§ **Exercise prompt**: Your answer must be only the lines below from the one containing "sand, 모래, nature, outdoors, 자연, 사진,이미지,일러스트,캘리그라피" through the one containing "Nike Sportswear Tech Pack image number 4", copied exactly, with the pictures left out.

§ **Input**:
══════════

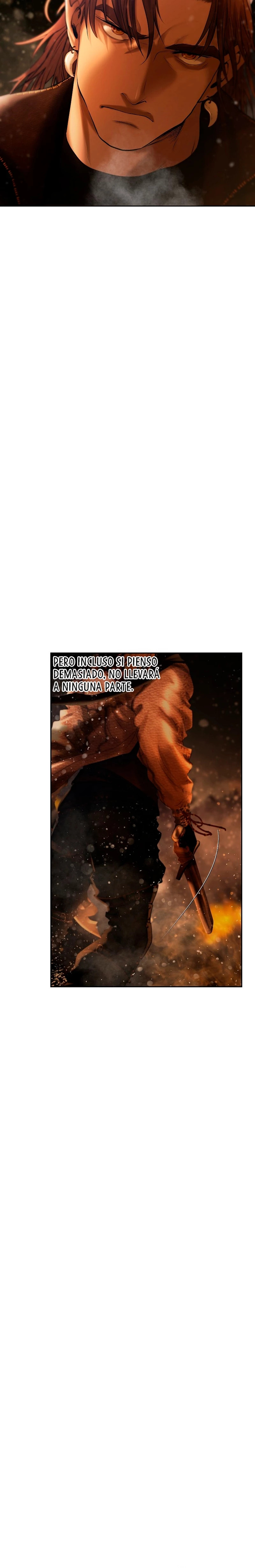 Read Barbarian Quest Es Manga Online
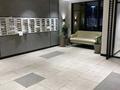 2-бөлмелі пәтер · 65 м² · 6/12 қабат, Абиша Кекилбайулы 97а, бағасы: 500 000 ₸ в Алматы, Бостандыкский р-н — фото 2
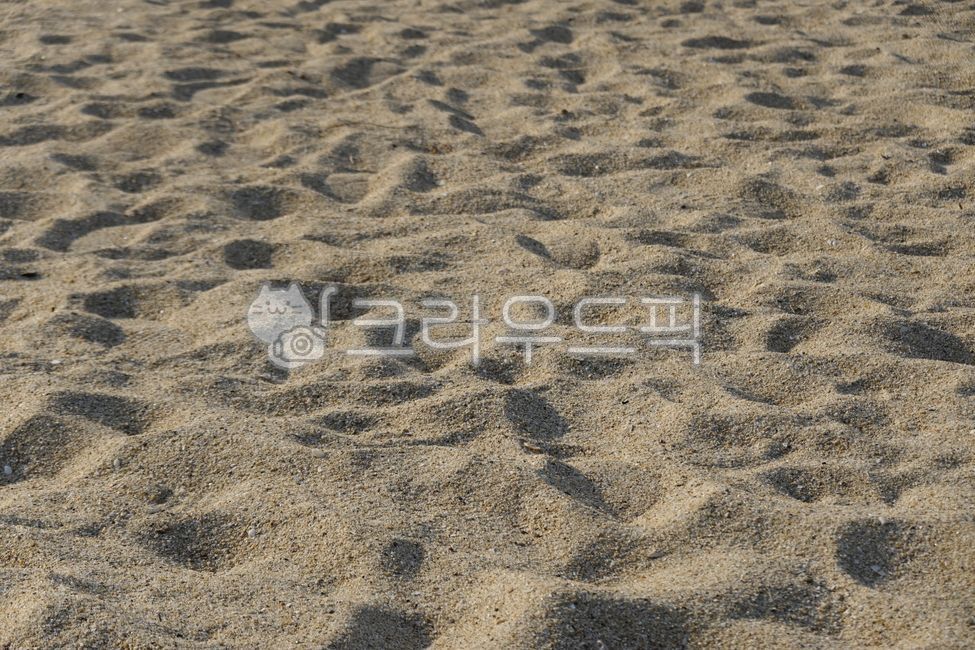 sand, 모래, nature, outdoors, 자연, 사진,이미지,일러스트,캘리그라피 - Kharntocef작가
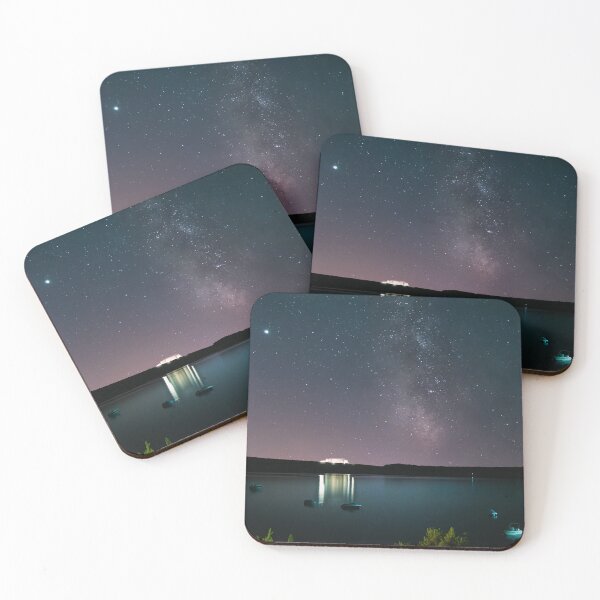 Item preview, Starry Night designed and sold by Katja Golob.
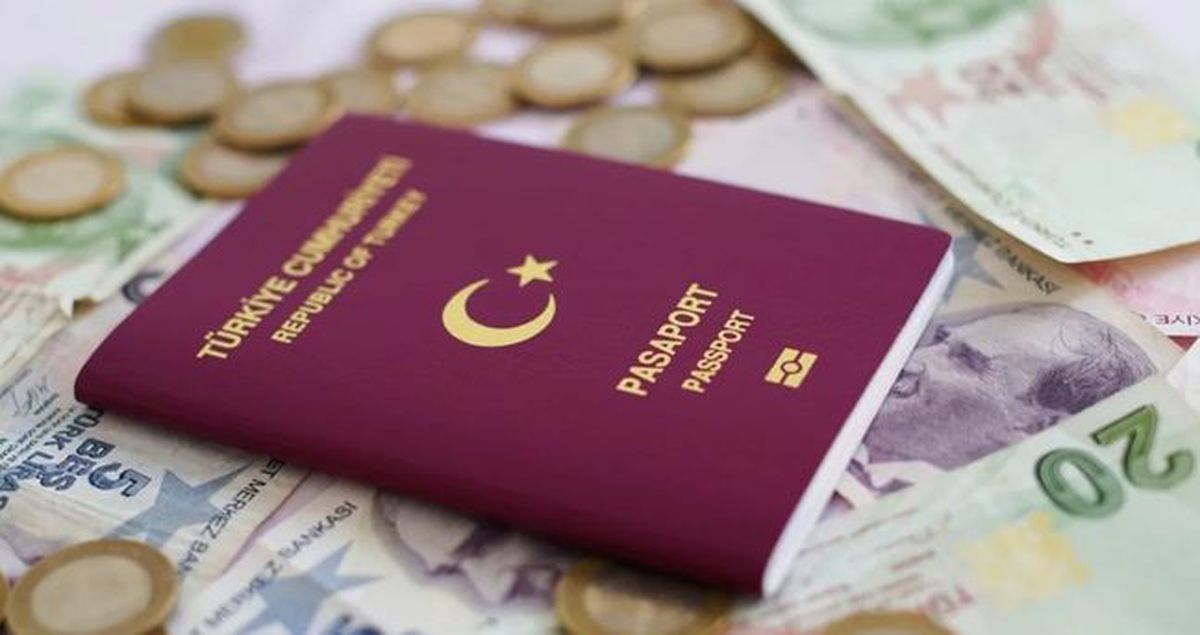 Transit vize nedir, nasıl alınır, ücreti ne kadar? Transit vize isteyen ülkeler hangileri?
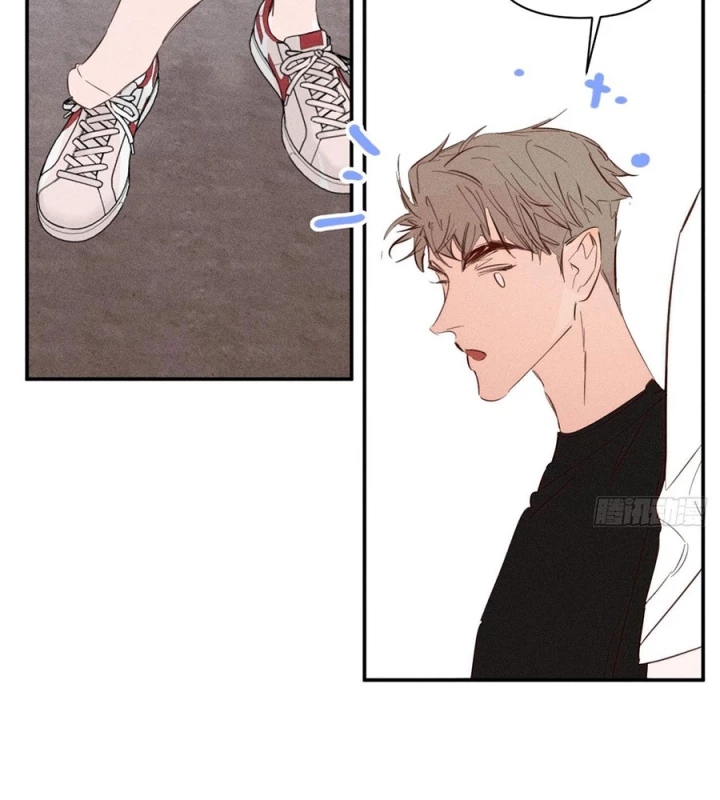 Hoàng Tử Bé Chapter 39 - Trang 2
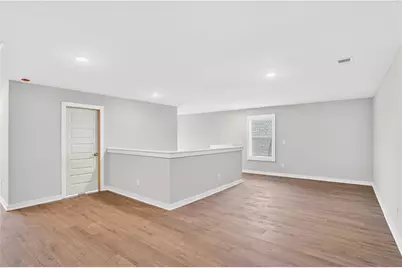 214 Villa Rica Springs, Villa Rica, GA 30180 - Photo 39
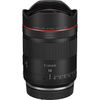 Canon RF 14mm f/1.4L VCM Mới 100% | Chính Hãng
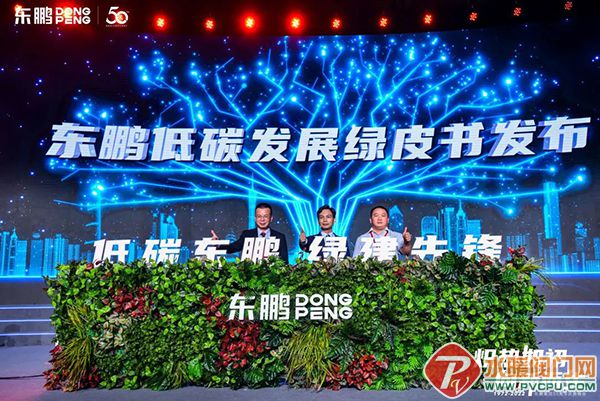 微信图片_20220715101739.jpg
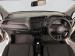 Honda Brio 1.2 Trend 5-Door - Thumbnail 17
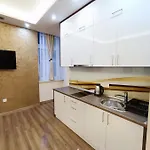 Karaula Sarajevo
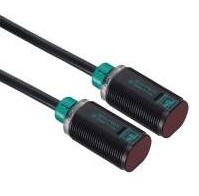 倍加福光电传感器（对射型）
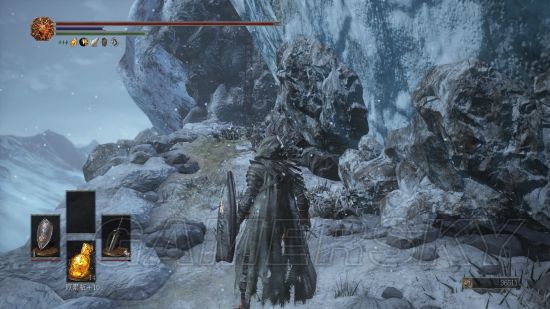 �ڰ�֮��3DLCͼ�����̹���_�ڰ�֮��3DLCȫ��ͼ����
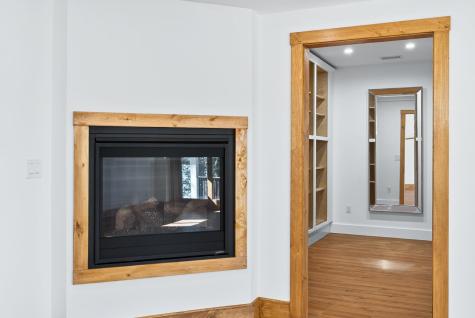 131 Timberlane Drive Mashpee MA 02649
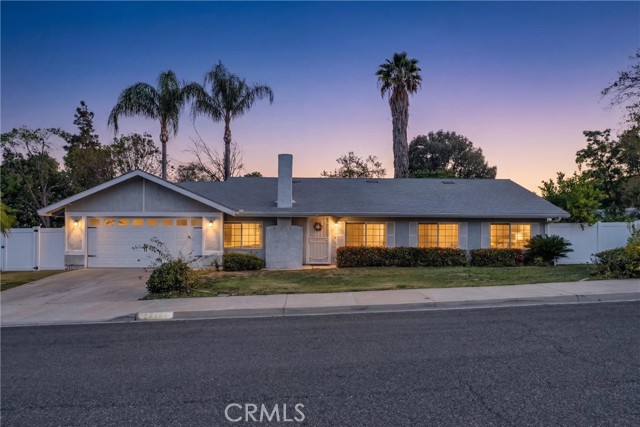 Detail Gallery Image 29 of 35 For 24464 Chippewa, Moreno Valley,  CA 92557 - 4 Beds | 2 Baths
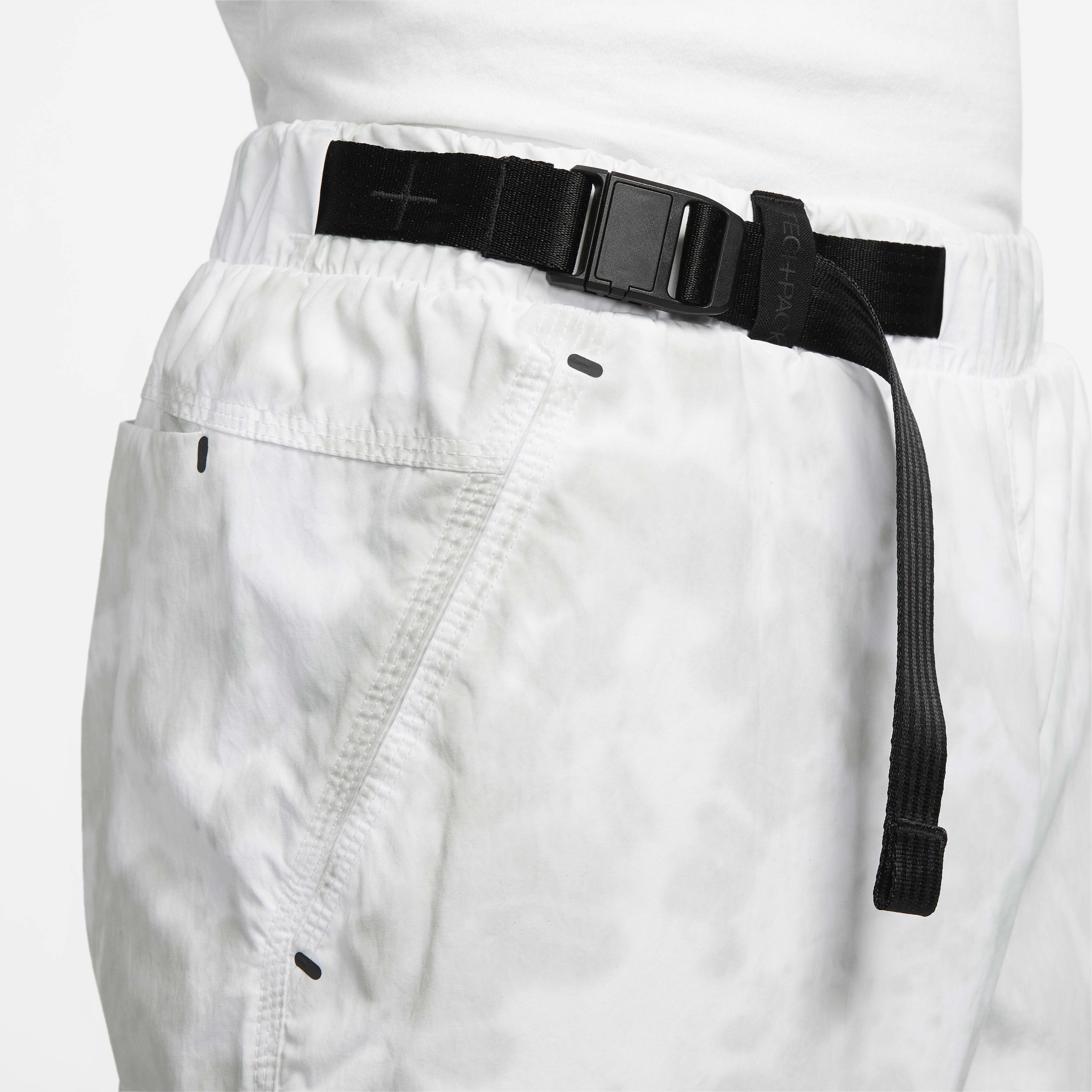 Nike Sportswear Tech Pack image number 4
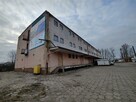 Lokal użytkowy Koszalin Nowobramskie, Osiedle Nowobramskie - 4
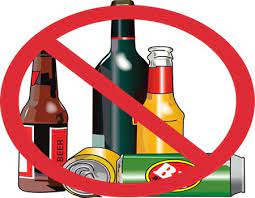 More particularly the term refers to the banning of the manufacture, storage (whether in barrels or in bottles), transportation, sale, possession, and consumption of alcoholic beverages. Risk Based Decisions On The Alcohol Ban In South Africa Where Is The Rationale Behind The Decisions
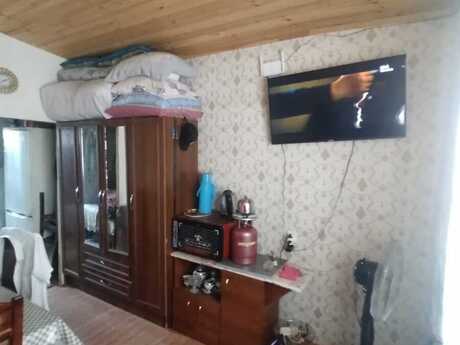 2-комнатный дом, 40 м², Maştağa: 19 500 ₼ 3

══════════

§ **Problem solution**:
 sand, 모래, nature, outdoors, 자연, 사진,이미지,일러스트,캘리그라피 - Kharntocef작가
 Item preview, Starry Night designed and sold by Katja Golob.
 Transit vize nedir, nasıl alınır, ücreti ne kadar? Transit vize isteyen ülkeler hangileri?
 Hoàng Tử Bé Chapter 39 - Trang 2
 214 Villa Rica Springs, Villa Rica, GA 30180 - Photo 39
 Canon RF 14mm f/1.4L VCM Mới 100% | Chính Hãng
 微信图片_20220715101739.jpg
 Honda Brio 1.2 Trend 5-Door - Thumbnail 17
 Karaula Sarajevo
 倍加福光电传感器（对射型）
 �ڰ�֮��3DLCͼ�����̹���_�ڰ�֮��3DLCȫ��ͼ����
 131 Timberlane Drive Mashpee MA 02649
 Detail Gallery Image 29 of 35 For 24464 Chippewa, Moreno Valley,  CA 92557 - 4 Beds | 2 Baths
 Nike Sportswear Tech Pack image number 4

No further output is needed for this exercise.